Stored data entries:
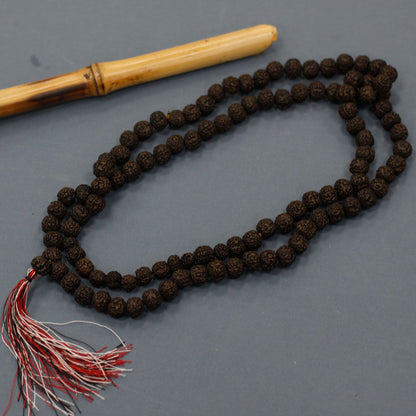 Dark Wood Beads Rudraksha Mala – 108 CM con cuentas oscuras y borla roja y blanca, collar de meditación sobre fondo gris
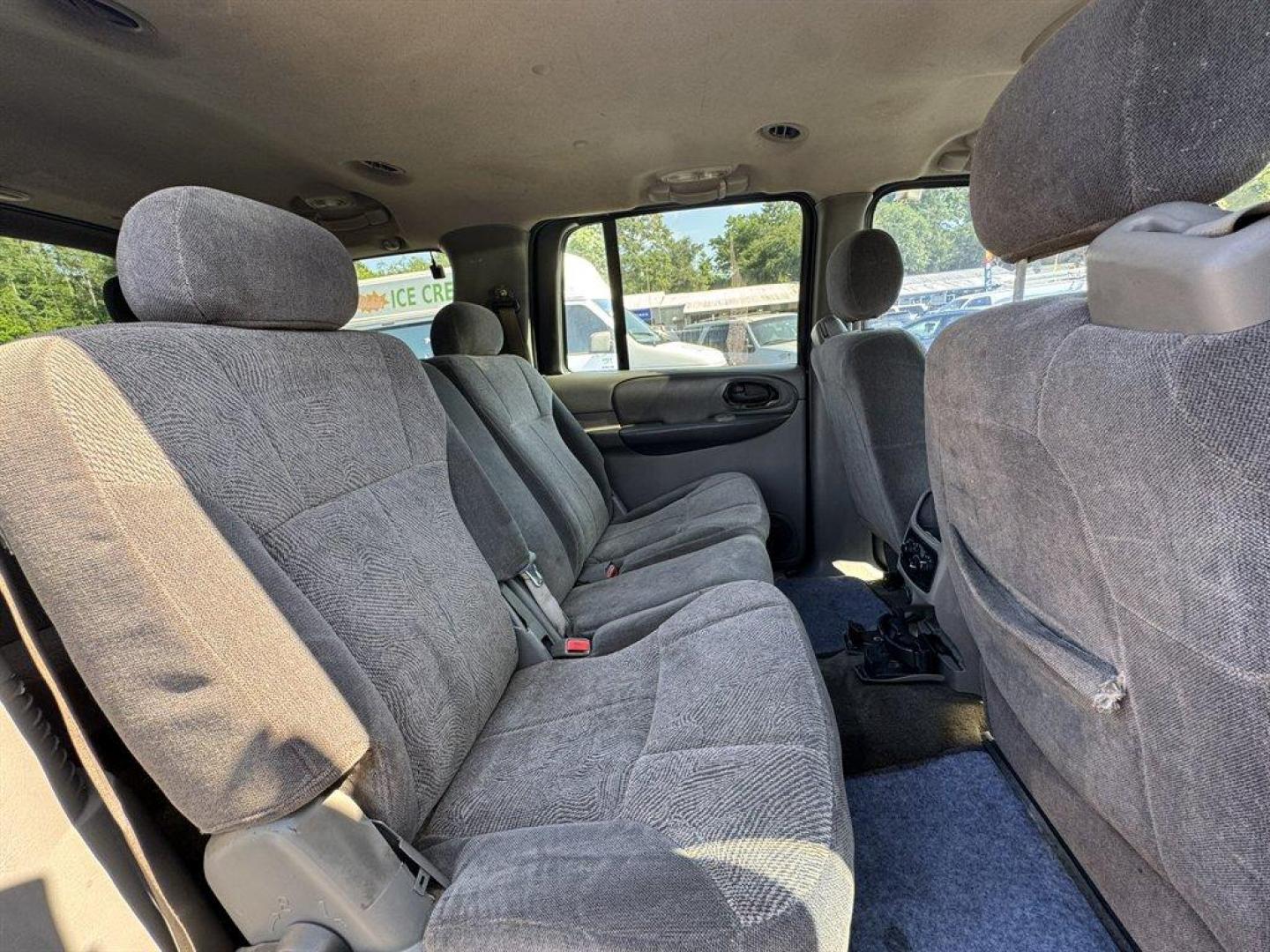 2003 Black /Grey Chevrolet Trailblazer (1GNET16SX36) with an 4.2l I-6 MPI Dohc 4.2l engine, Automatic transmission, located at 745 East Steele Rd., West Columbia, SC, 29170, (803) 755-9148, 33.927212, -81.148483 - Special Internet Price! 2003 Chevrolet Trailblazer with AM/FM radio, Cloth interior, 3rd row seating, Powered driver seat, Powered windows, Powered door locks, Plus more! - Photo#26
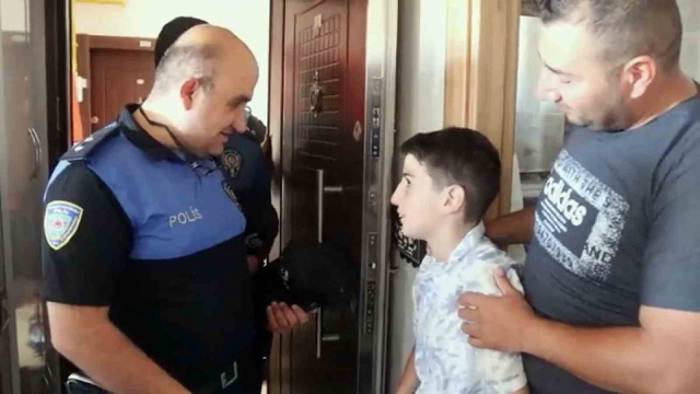 Kayseri Polisinden Alkışlanacak Hareket: Umut’u Doğum Gününde Yalnız Bırakmadılar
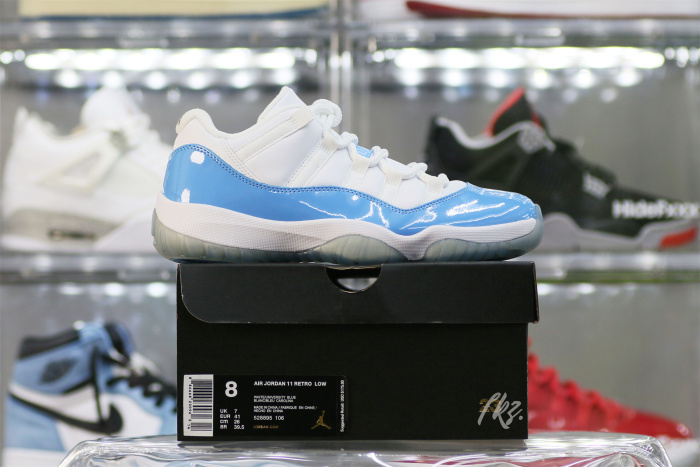 Air Jordan 11 Retro Low  UNC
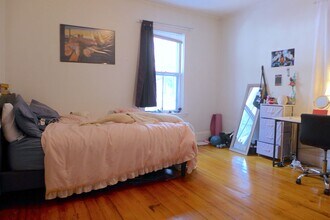 61 Hillside St in Boston, MA - Foto de edificio - Building Photo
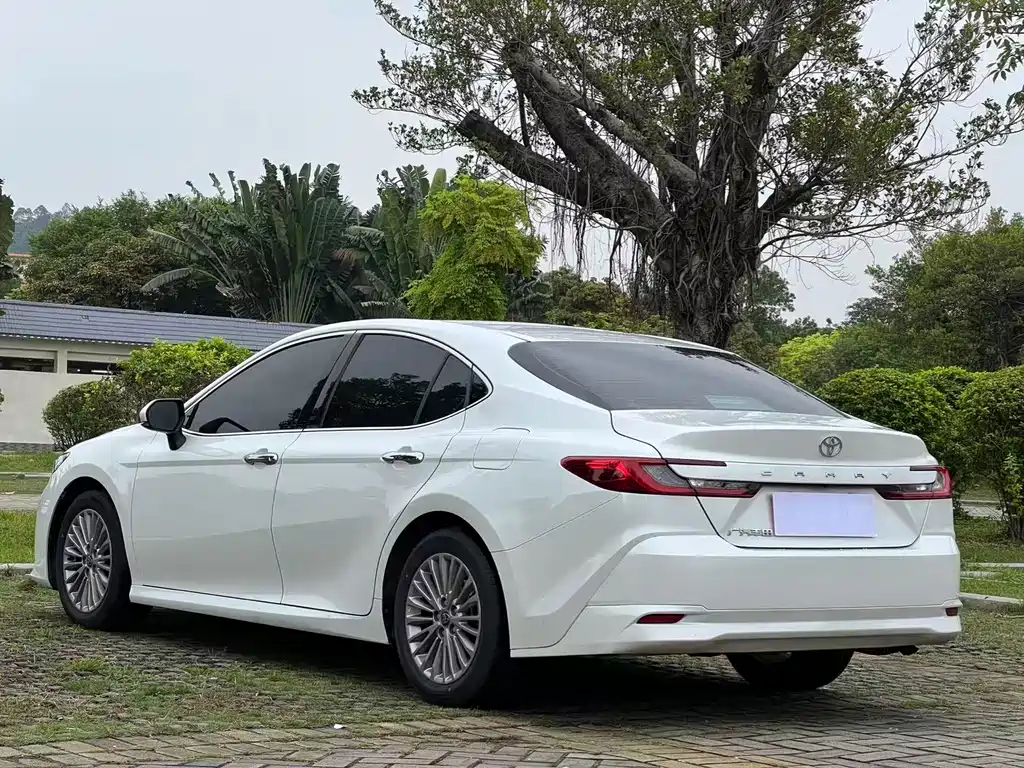 Toyota Camry 2024 — фото 14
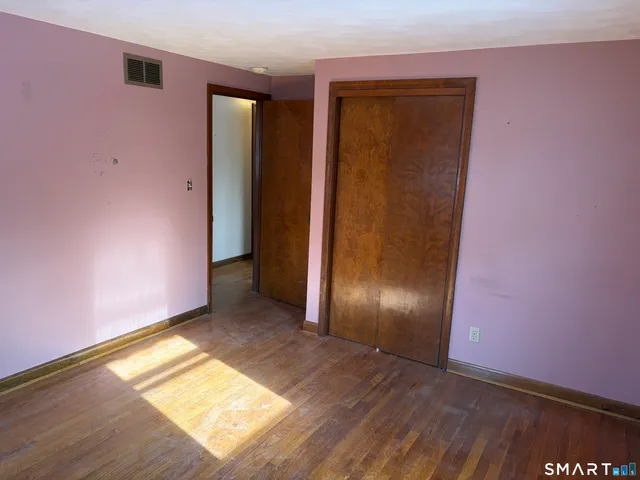 $299,900 | 55 Coles Avenue, Newington, CT 06111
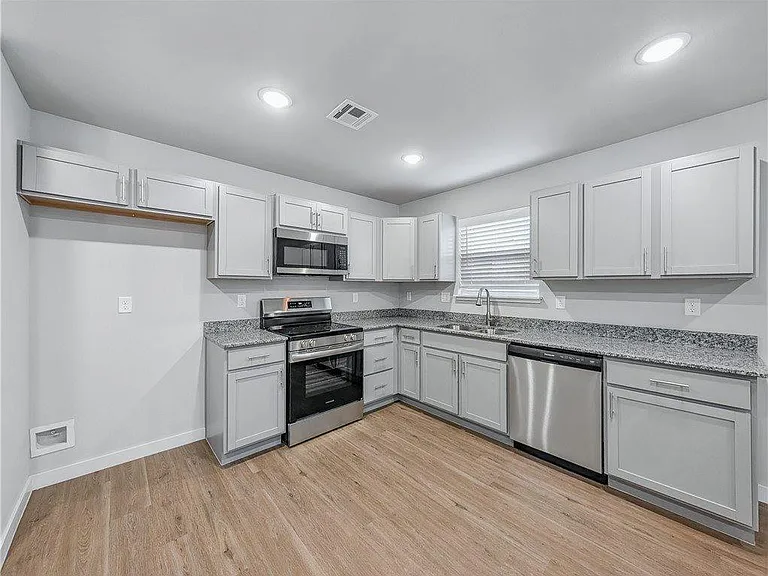 6402 NW Kathleen St — Photo 4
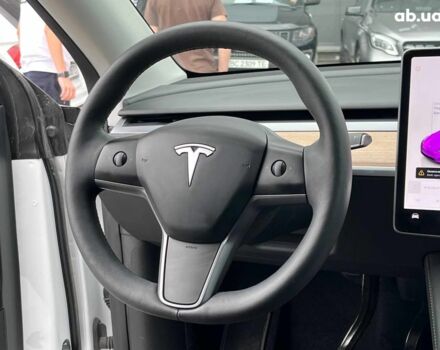 Белый Тесла Model Y, объемом двигателя 0 л и пробегом 33 тыс. км за 34890 $, фото 23 на Automoto.ua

◆ **TASK**
Restate every record above word for word, without images.

◆ **OUTPUT FOR THIS EXERCISE**
 Dark Wood Beads Rudraksha Mala – 108 CM con cuentas oscuras y borla roja y blanca, collar de meditación sobre fondo gris
 2003 Black /Grey Chevrolet Trailblazer (1GNET16SX36) with an 4.2l I-6 MPI Dohc 4.2l engine, Automatic transmission, located at 745 East Steele Rd., West Columbia, SC, 29170, (803) 755-9148, 33.927212, -81.148483 - Special Internet Price! 2003 Chevrolet Trailblazer with AM/FM radio, Cloth interior, 3rd row seating, Powered driver seat, Powered windows, Powered door locks, Plus more! - Photo#26
 Kayseri Polisinden Alkışlanacak Hareket: Umut’u Doğum Gününde Yalnız Bırakmadılar
 Air Jordan 11 Retro Low  UNC
 61 Hillside St in Boston, MA - Foto de edificio - Building Photo
 Toyota Camry 2024 — фото 14
 $299,900 | 55 Coles Avenue, Newington, CT 06111
 6402 NW Kathleen St — Photo 4
 Белый Тесла Model Y, объемом двигателя 0 л и пробегом 33 тыс. км за 34890 $, фото 23 на Automoto.ua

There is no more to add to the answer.